Epifani segretario dimezzato prova a tenere a galla il partito

Si apre in un clima che sta tra la tragedia (le ultime parole del segretario uscente Bersani, seguite dal minuto di silenzio per i morti del porto di Genova) e la farsa (fuori dalla Fiera di Roma protestano le sparutissime truppe di «Occupy Pd», con tanto di maglietta col marchio e con il maniaco tv dei preservativi, Paolini, alla loro testa). Si chiude nel sollievo collettivo: ancora una volta il Pd è sopravvissuto, sia pur per il rotto della cuffia; e ora, con Guglielmo Epifani (già chiamato a rapporto al Quirinale, ieri sera), ha persino un segretario in carica, sia pur per un periodo incerto, e ben commissariato dalle correnti.
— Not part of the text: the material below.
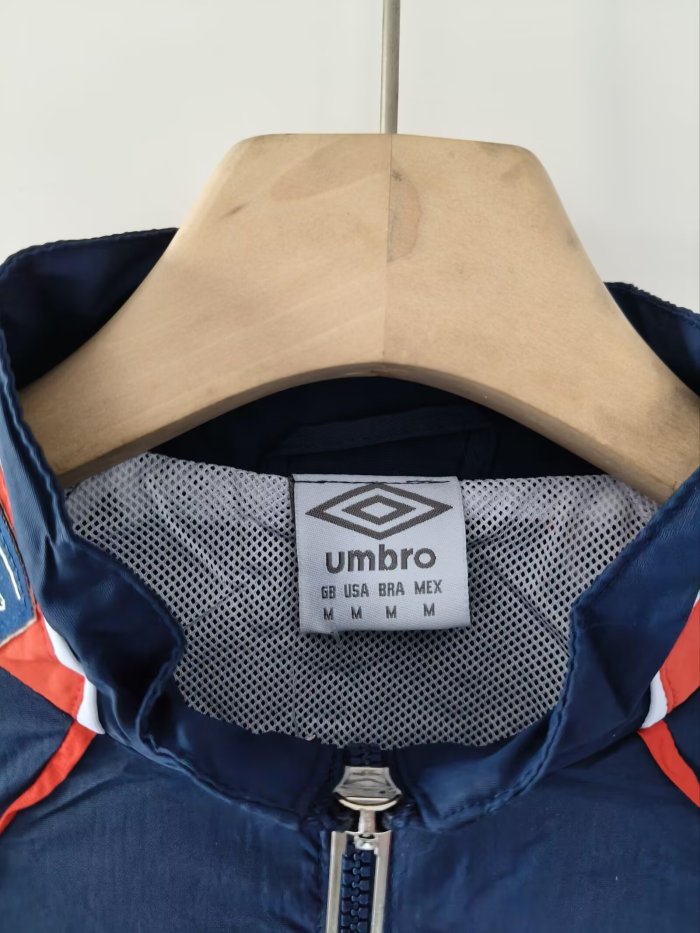 2026 England Double Sided Windbreaker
E pazienza se votato sì dall'85% dell'assemblea, ma con quasi metà (i votanti erano 593 su 1.000) dei membri assenti e con 135 tra schede bianche e schede nulle.
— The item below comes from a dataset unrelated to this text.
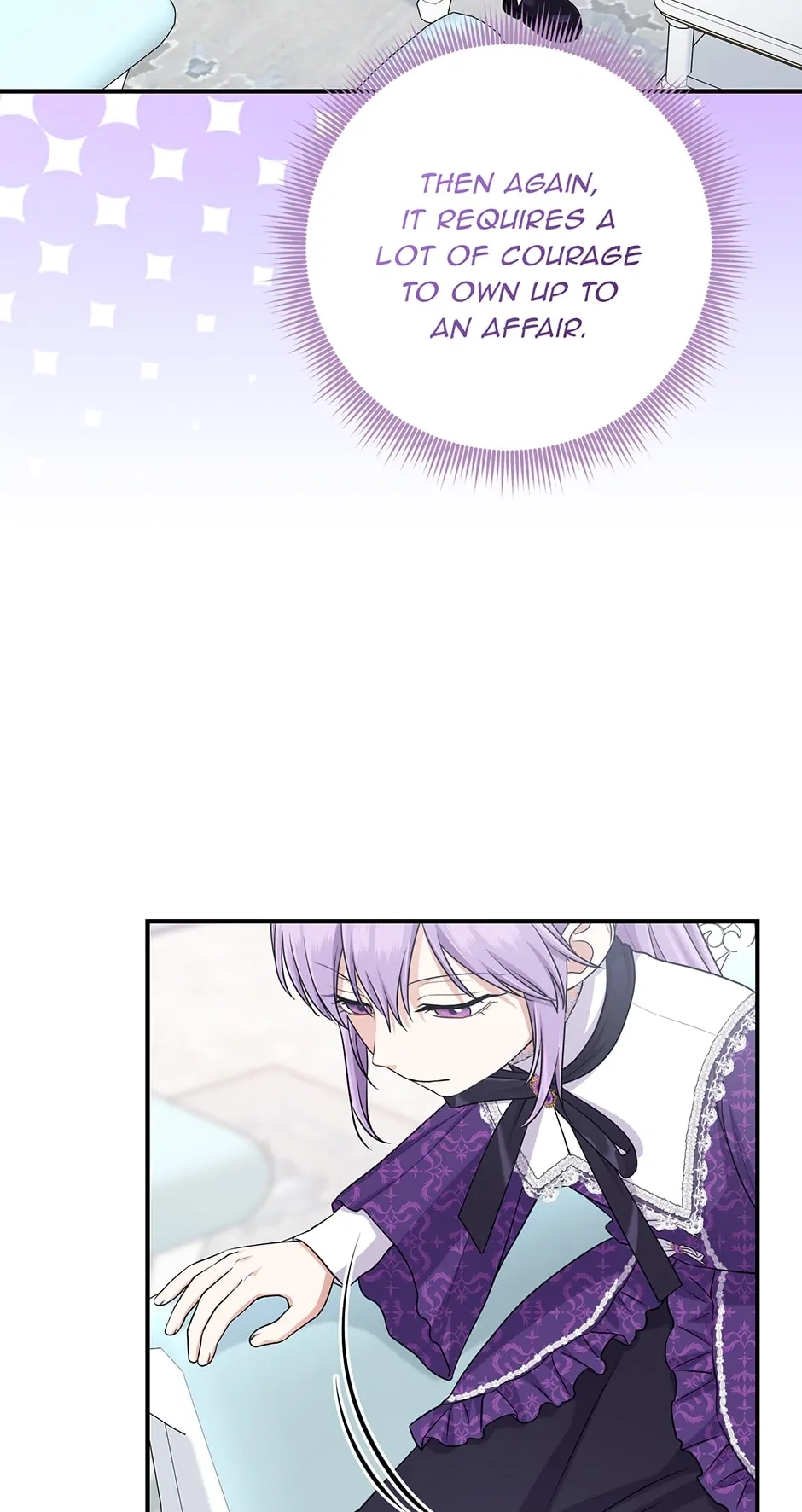 The Unintentionally Ideal Adopted Daughter Chapter 49 page 31 -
D'altronde se la erano vista talmente brutta i dirigenti Pd, in queste ultime settimane, che l'esser riusciti ad evitare la finale implosione ieri sembrava già un miracolo. Certo, per ora è solo una toppa sulle lacerazioni che si sono aperte nel tessuto del partito dal giorno dei risultati elettorali (sui quali non c'è stata una parola di autocritica da parte di Bersani), ma ora se non altro si può rinviare la resa dei conti ai prossimi mesi. Quelli in cui si aprirà la partita vera, per la durata del governo, la guida del partito e - soprattutto - la candidatura a prossimo premier. Nel frattempo, ora c'è da occuparsi di riempire gli organigrammi restati vuoti (e negli incarichi per la segreteria stavolta anche i renziani vogliono voce in capitolo), da litigare sullo Statuto (separare o no la figura del segretario da quella del candidato premier?) e da sostenere, cercando di farlo digerire alla base, il governo «contronatura» con il Cavaliere. Un governo che - come ha detto lo stesso premier Enrico Letta - «non è certo il mio ideale, e neanche il premier».
Una cosa appare certa: chi pensava che Epifani avesse sottoscritto una sorta di patto per fare il segretario pro-tempore e poi tornare dietro le quinte al momento del congresso (fissato ad ottobre), ieri si è dovuto ricredere: l'ex leader Cgil si è ben guardato dal prendere alcun impegno, ed è altamente probabile che si ricandidi da segretario uscente, e dunque con una forte base di partenza. Gianni Cuperlo ha annunciato la propria candidatura, sostenuta da turchi e dalemiani, ma di qui ad ottobre potrebbe ripensarci. E poi c'è l'incognita Matteo Renzi. Attorno alla quale la dice lunga il dialogo che si è svolto ieri in un corridoio della Fiera, quando il dalemiano Nicola Latorre ha intercettato al bar il renziano Dario Nardella e lo ha apostrofato: «Dovete convincere Matteo a presentarsi candidato al congresso: non può più sottrarsi, ha bisogno del Pd. E il Pd ha bisogno di lui». Renzi per ora ripete di non pensarci neppure. Ieri lo ha detto anche dal palco: «Se il Pd riscopre l'autenticità e la passione, io, non da candidato alla segreteria o da candidato all'Anci ma da militante, darò una mano». Ma molti dei suoi lo incalzano, consci del rischio di farsi sfuggire una seconda occasione: «La verità - ragiona uno di loro - è che o il governo non ce la fa e cade entro ottobre, e allora non si farà neppure il congresso e tutti imploreranno Matteo di candidarsi a premier, perché è l'unico che può dare una chance contro Berlusconi. Oppure non cade più. Nel senso che dopo le Europee si apre il semestre di presidenza italiana della Ue e non si potrà votare, e Letta arriva in gloria al 2015. Magari incrociando pure la ripresa». E a quel punto sarebbe dura scalzarlo dalla premiership.
Renzi, al suo debutto dal palco dell'assemblea, ha monopolizzato telecamere e attenzioni, e il suo breve discorso, volutamente sottotono (ha anche reso l'onore delle armi a Bersani, pur riservandogli una micidiale frecciata: «Se non prendi i voti dei delusi di centrodestra poi ti tocca prenderti i ministri del centrodestra») è stato accolto con un calore tutto nuovo da una platea a lui ostile, sulla carta.

Che lo ha applaudito assai più di Rosy Bindi, per dire: «E pensare che mi aspettavo il gelo», confida lui.